Het hof overweegt dat de bedreiging niet noodzakelijk uit concrete handelingen of uitlatingen van de verdachte behoeft te bestaan, maar dat deze ook kan uitgaan van de persoonlijkheid of reputatie van de verdachte of het criminele milieu waarin hij zich bevindt. Ook bedreigingen waaraan de verdachte part noch deel heeft en waarvoor hem geen enkel verwijt gemaakt kan worden, kunnen leiden tot het garanderen van de anonimiteit van de getuige. Het kan zowel gaan om een objectieve bedreiging als om een subjectief gevoel van bedreiging. Uit de wettekst blijkt dat de bedreiging niet uitsluitend de getuige hoeft te gelden, maar ook een derde kan betreffen met wie de getuige al dan niet in enigerlei betrekking staat.
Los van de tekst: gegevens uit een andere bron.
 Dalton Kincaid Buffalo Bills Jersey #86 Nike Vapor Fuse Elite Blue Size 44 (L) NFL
Daarnaast kunnen de aard en omvang van de aan de verdachte ten laste gelegde feiten meewegen bij de waardering van de beoordeling van de aannemelijkheid van de vrees van de getuige.
Uit de beschikbare stukken is het hof gebleken dat de medeverdachte van appellant in 2002 is veroordeeld tot een gevangenisstraf voor de duur van zestien jaren en terbeschikkingstelling met verpleging van overheidswege ter zake een drievoudige moord. De feiten die de medeverdachte in de onderhavige zaak worden verweten, zijn slechts betrekkelijk korte tijd na zijn invrijheidsstelling in voornoemde zaak gepleegd. Hij heeft, aldus het veroordelend vonnis van de rechtbank, meermalen een handgranaat laten ontploffen, waardoor direct gevaar voor omwonenden en voorbijgangers is veroorzaakt. Daarnaast heeft hij meermalen met (geladen) wapens in een auto gereden en zijn handgranaten in zijn woning aangetroffen. Appellant wordt ervan verdacht soortgelijke feiten te hebben gepleegd en is daarnaast door de rechtbank veroordeeld voor het beïnvloeden van een getuige.
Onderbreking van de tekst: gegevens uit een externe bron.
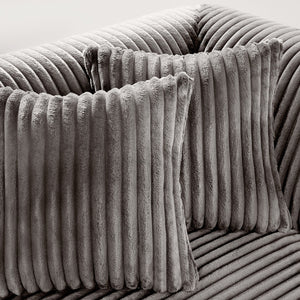 Hjørnesofa TAMARA mørk grå kordfløyel - Sengero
Gelet op het vorenstaande is het hof van oordeel dat de rechters-commissarissen in redelijkheid tot hun beslissing hebben kunnen komen. De hierboven beschreven informatie levert naar het oordeel van het hof op zich al grond op voor de getuige om een subjectief gevoel van bedreiging te ervaren.
De door de raadsvrouw aangevoerde bezwaren worden ongegrond verklaard, zodat het hoger beroep van de verdachte zal worden afgewezen.
Beslissing
Het hof:
Wijst het hoger beroep af.
Deze beschikking is op 6 augustus 2020 gewezen door
mr. H.C. Plugge, voorzitter,
mr. R.F. de Knoop en mr. I.P.A. van Engelen, leden,
in bijzijn van mr. K. Elema, griffier.
Deze beschikking is ondertekend door de voorzitter en de griffier.